Segment Start: Supplied entries
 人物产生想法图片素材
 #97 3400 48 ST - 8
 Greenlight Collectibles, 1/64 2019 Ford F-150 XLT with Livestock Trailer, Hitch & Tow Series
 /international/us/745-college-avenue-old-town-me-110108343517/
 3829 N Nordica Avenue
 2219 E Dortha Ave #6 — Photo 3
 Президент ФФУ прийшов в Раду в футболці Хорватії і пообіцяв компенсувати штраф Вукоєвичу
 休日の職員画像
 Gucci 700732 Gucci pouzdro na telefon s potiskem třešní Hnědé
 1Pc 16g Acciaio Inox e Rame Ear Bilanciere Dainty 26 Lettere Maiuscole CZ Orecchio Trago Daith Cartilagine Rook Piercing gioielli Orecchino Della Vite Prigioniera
Segment End: Supplied entries
### [About this task]
Please write out the entries exactly, keeping every line intact.

### [Exercise result]
 人物产生想法图片素材
 #97 3400 48 ST - 8
 Greenlight Collectibles, 1/64 2019 Ford F-150 XLT with Livestock Trailer, Hitch & Tow Series
 /international/us/745-college-avenue-old-town-me-110108343517/
 3829 N Nordica Avenue
 2219 E Dortha Ave #6 — Photo 3
 Президент ФФУ прийшов в Раду в футболці Хорватії і пообіцяв компенсувати штраф Вукоєвичу
 休日の職員画像
 Gucci 700732 Gucci pouzdro na telefon s potiskem třešní Hnědé
 1Pc 16g Acciaio Inox e Rame Ear Bilanciere Dainty 26 Lettere Maiuscole CZ Orecchio Trago Daith Cartilagine Rook Piercing gioielli Orecchino Della Vite Prigioniera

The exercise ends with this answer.